[Try it]
For this exercise, return all the data word for word, with images left out.

──────── Material for the task ────────

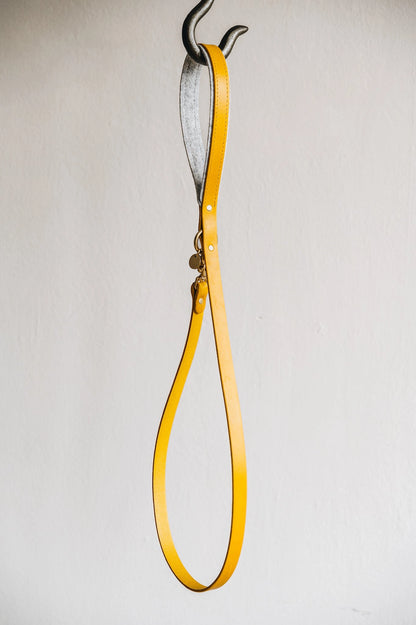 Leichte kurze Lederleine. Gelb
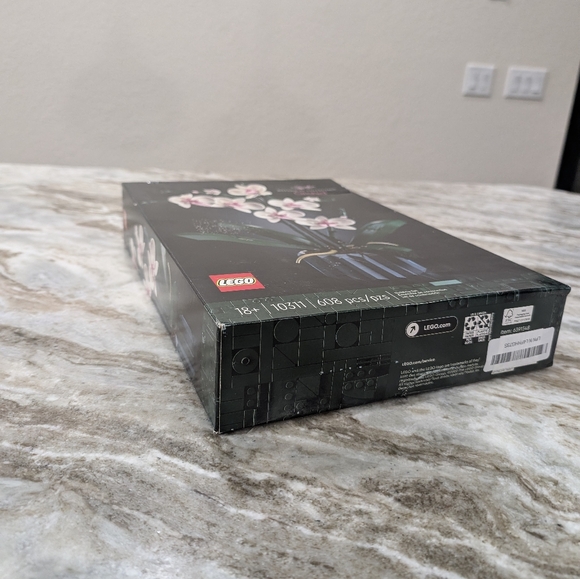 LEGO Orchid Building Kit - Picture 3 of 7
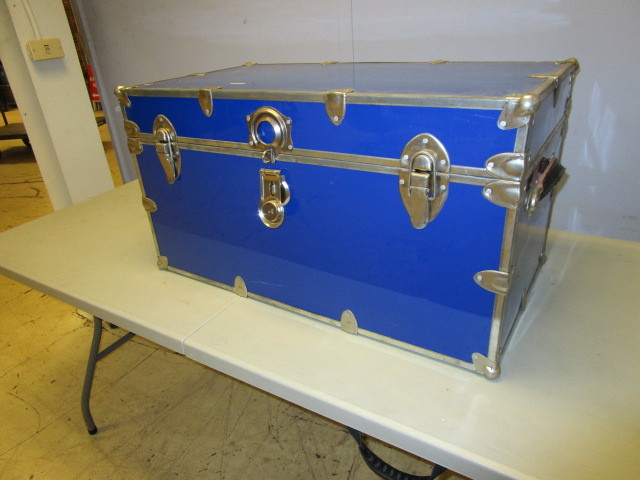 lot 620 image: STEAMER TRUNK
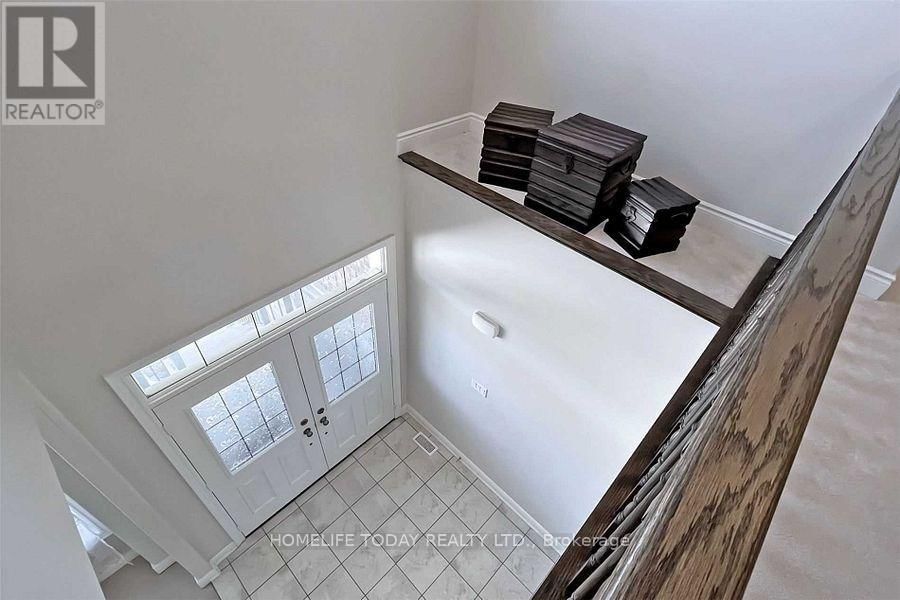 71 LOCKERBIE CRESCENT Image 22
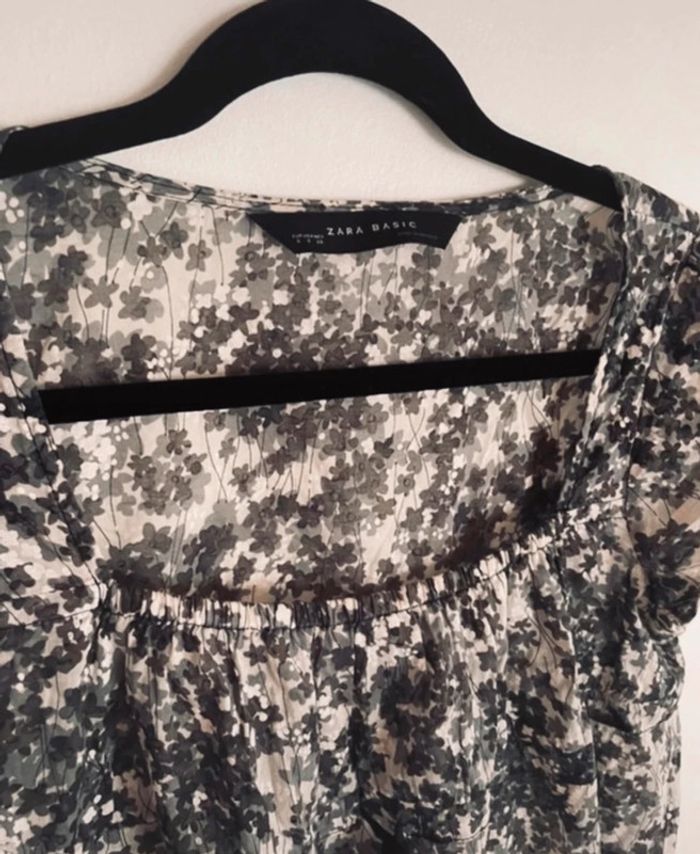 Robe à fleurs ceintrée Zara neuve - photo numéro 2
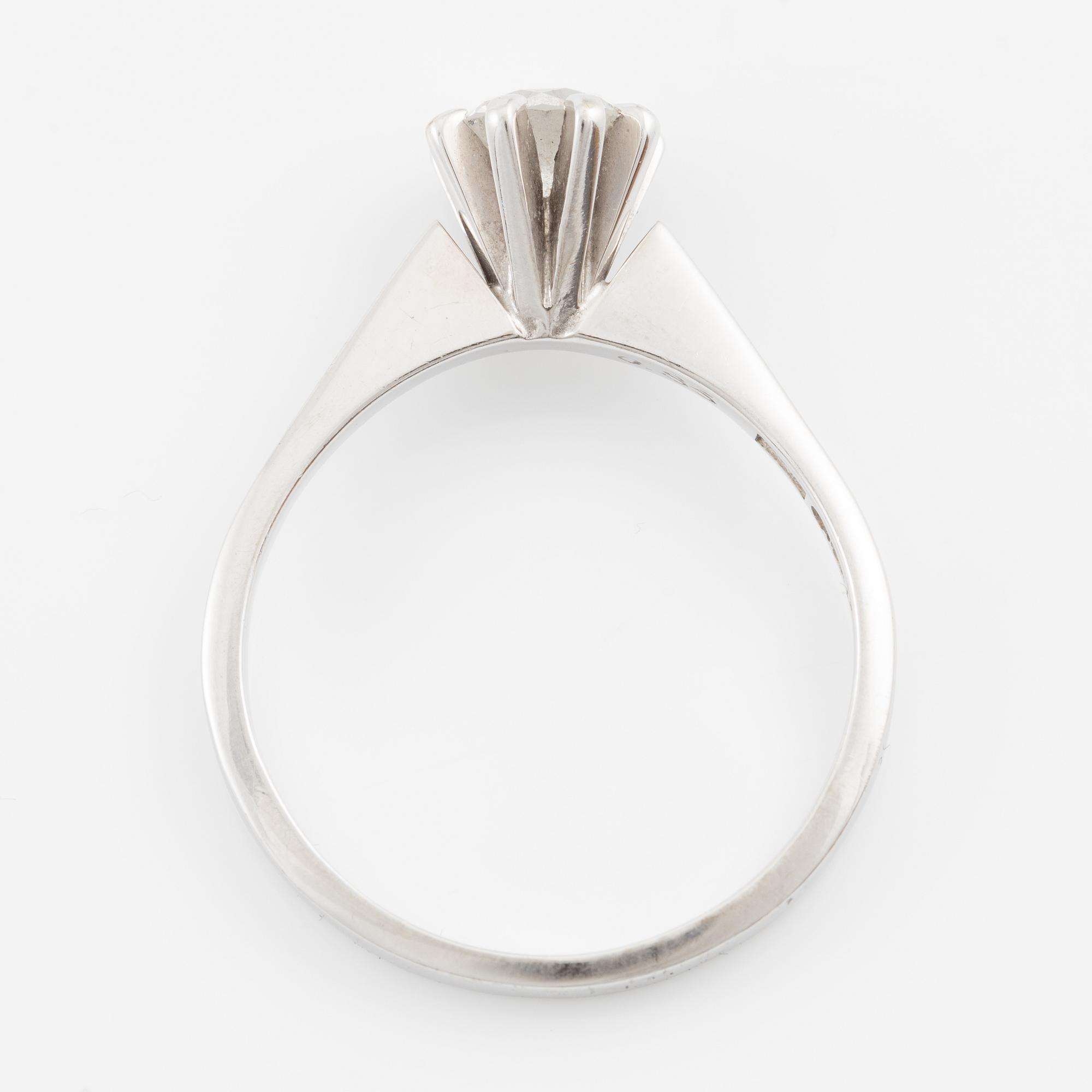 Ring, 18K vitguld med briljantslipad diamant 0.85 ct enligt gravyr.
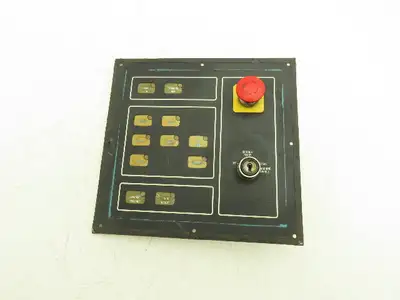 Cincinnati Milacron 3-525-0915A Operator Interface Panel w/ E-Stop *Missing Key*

────────

[Answer box]
 Leichte kurze Lederleine. Gelb
 LEGO Orchid Building Kit - Picture 3 of 7
 lot 620 image: STEAMER TRUNK
 71 LOCKERBIE CRESCENT Image 22
 Robe à fleurs ceintrée Zara neuve - photo numéro 2
 Ring, 18K vitguld med briljantslipad diamant 0.85 ct enligt gravyr.
 Cincinnati Milacron 3-525-0915A Operator Interface Panel w/ E-Stop *Missing Key*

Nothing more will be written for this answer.